[Activity] Copy the data below exactly. Any pictures in it should be omitted.

Image-text web data:
++++++++++

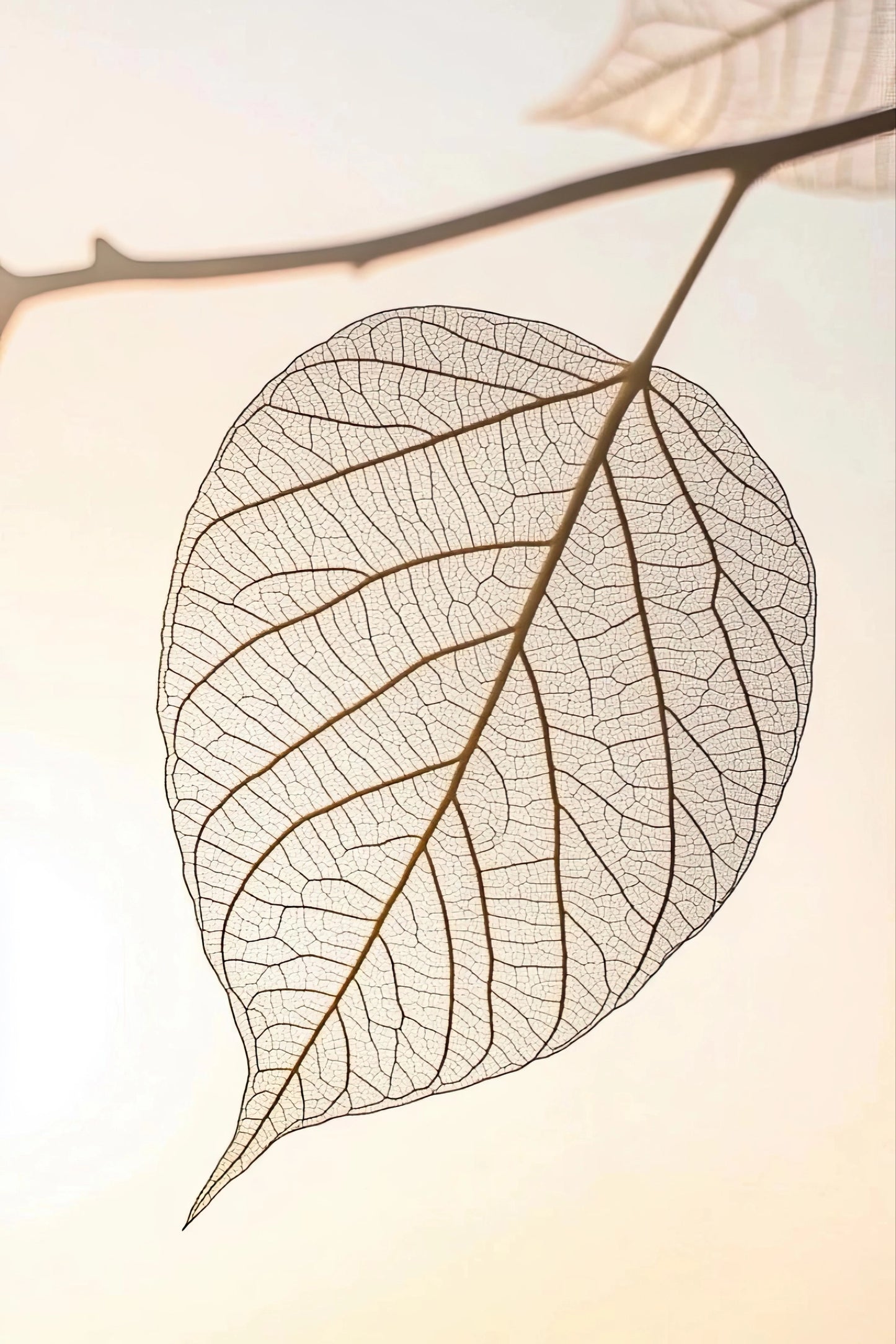 Kunstwerk met minimalistisch blad in beige en bruin met elegante lijnen en rustige sfeer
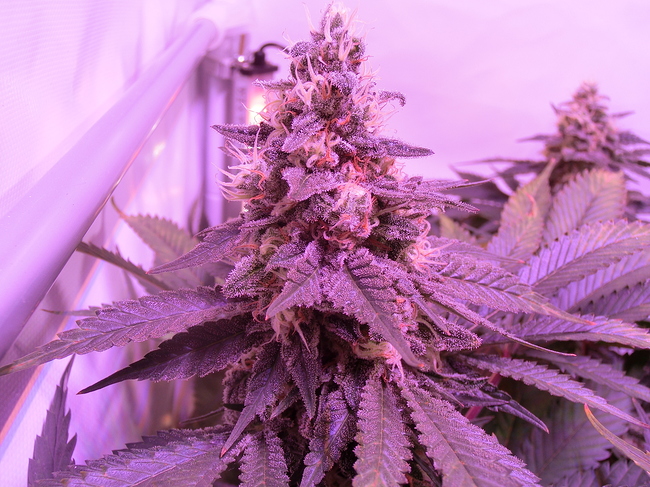 Growreport Bild 3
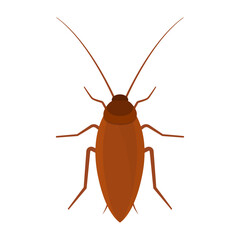 cockroach flat vector design logo icon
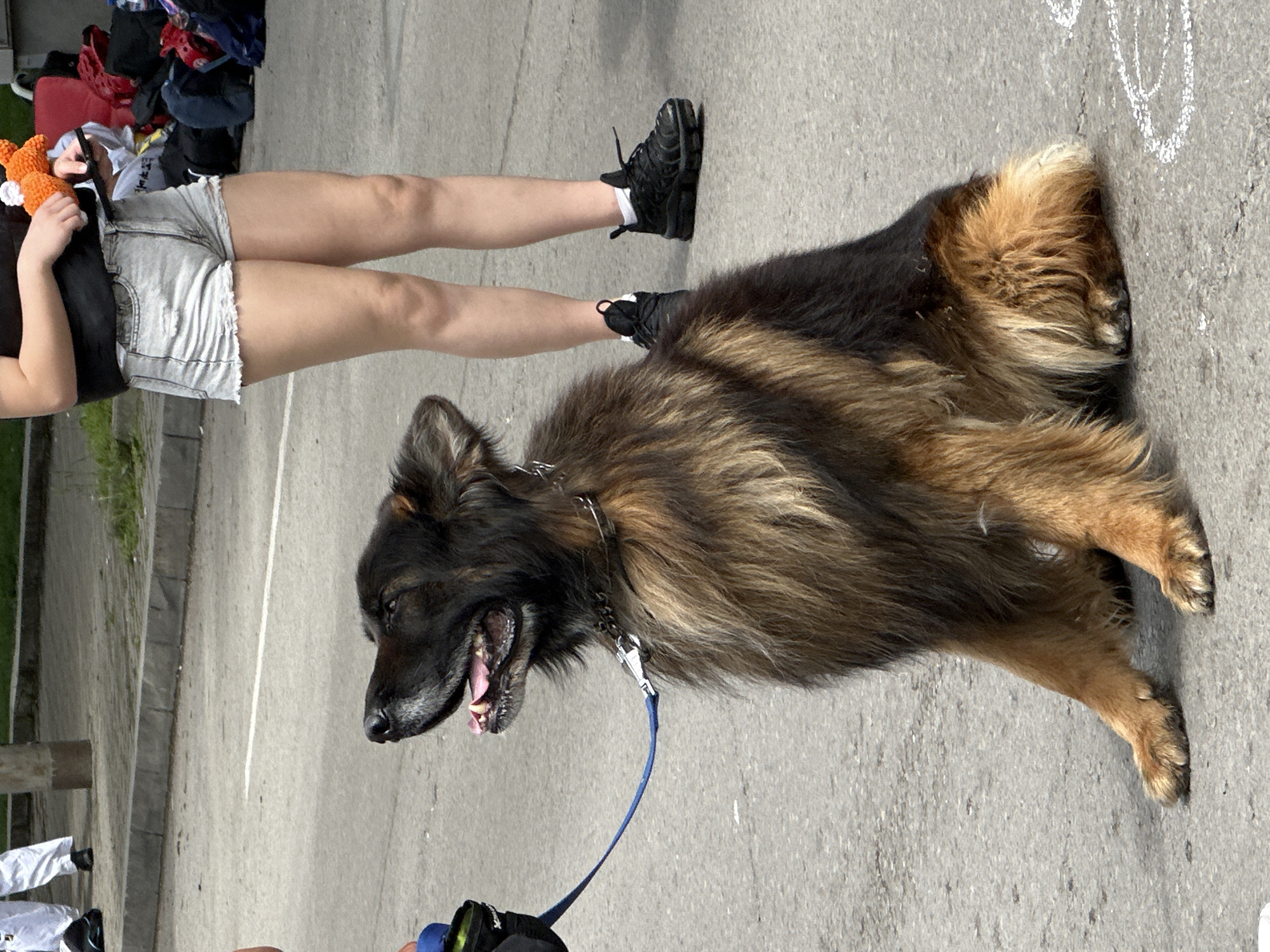 A medium shot shows a long-haired German Shepherd lying down on a grey concrete surface, with a person standing beside it. The dog is mostly black with brown and tan highlights in its fur, particularly around its legs and tail. It has a blue leash attached to a chain collar. The person has fair skin, wearing grey denim shorts, a black shirt, and black shoes with white socks. They are holding an orange crocheted object. In the background, there is a pile of bags and clothing, as well as a concrete wall and curb. The location is an urban environment, likely in the city of Varna, Bulgaria. There is some white chalk visible on the concrete.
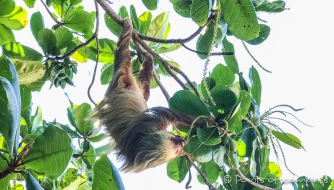 Sloth - Faultier beim fressen im Mandelbaum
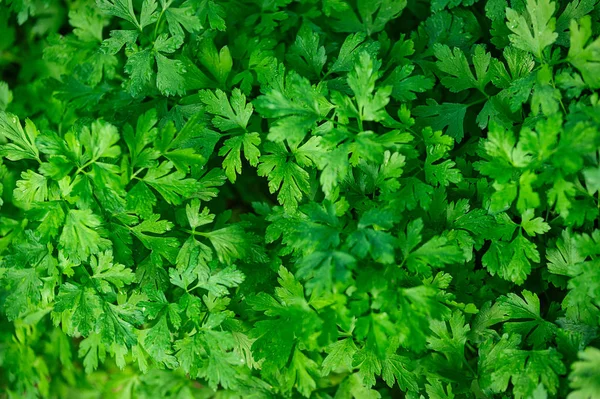 パセリの葉の緑の背景 — ストック写真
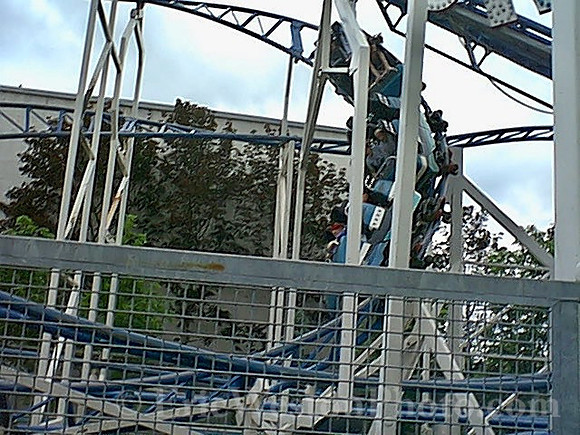 IMAGE11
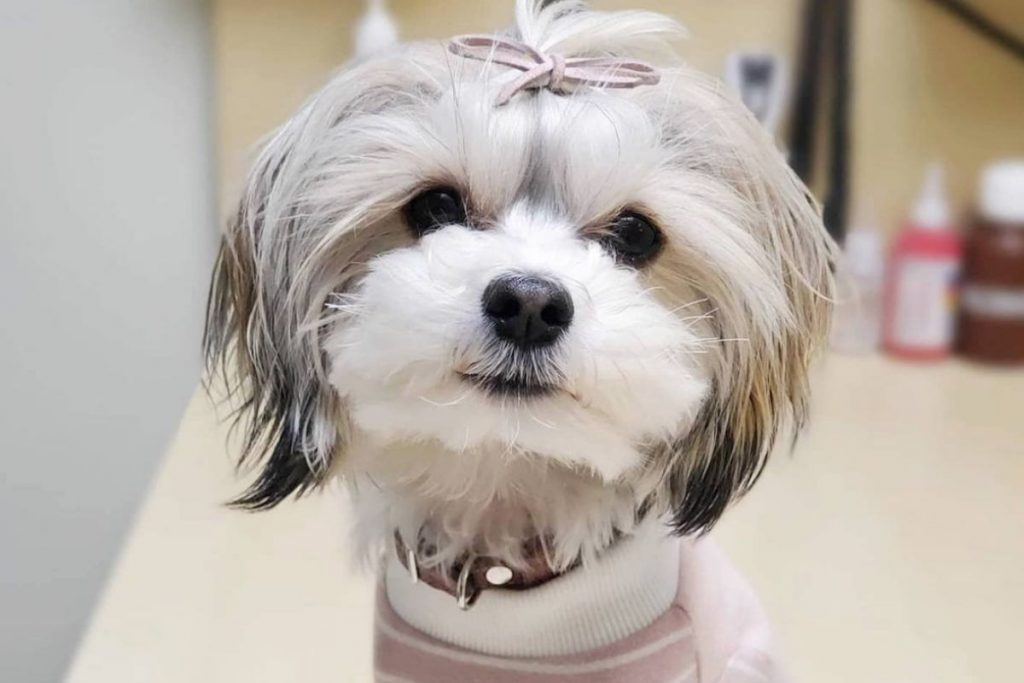 cute morkie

++++++++++

[Output for this task]
 Kunstwerk met minimalistisch blad in beige en bruin met elegante lijnen en rustige sfeer
 Growreport Bild 3
 cockroach flat vector design logo icon
 A medium shot shows a long-haired German Shepherd lying down on a grey concrete surface, with a person standing beside it. The dog is mostly black with brown and tan highlights in its fur, particularly around its legs and tail. It has a blue leash attached to a chain collar. The person has fair skin, wearing grey denim shorts, a black shirt, and black shoes with white socks. They are holding an orange crocheted object. In the background, there is a pile of bags and clothing, as well as a concrete wall and curb. The location is an urban environment, likely in the city of Varna, Bulgaria. There is some white chalk visible on the concrete.
 Sloth - Faultier beim fressen im Mandelbaum
 パセリの葉の緑の背景 — ストック写真
 IMAGE11
 cute morkie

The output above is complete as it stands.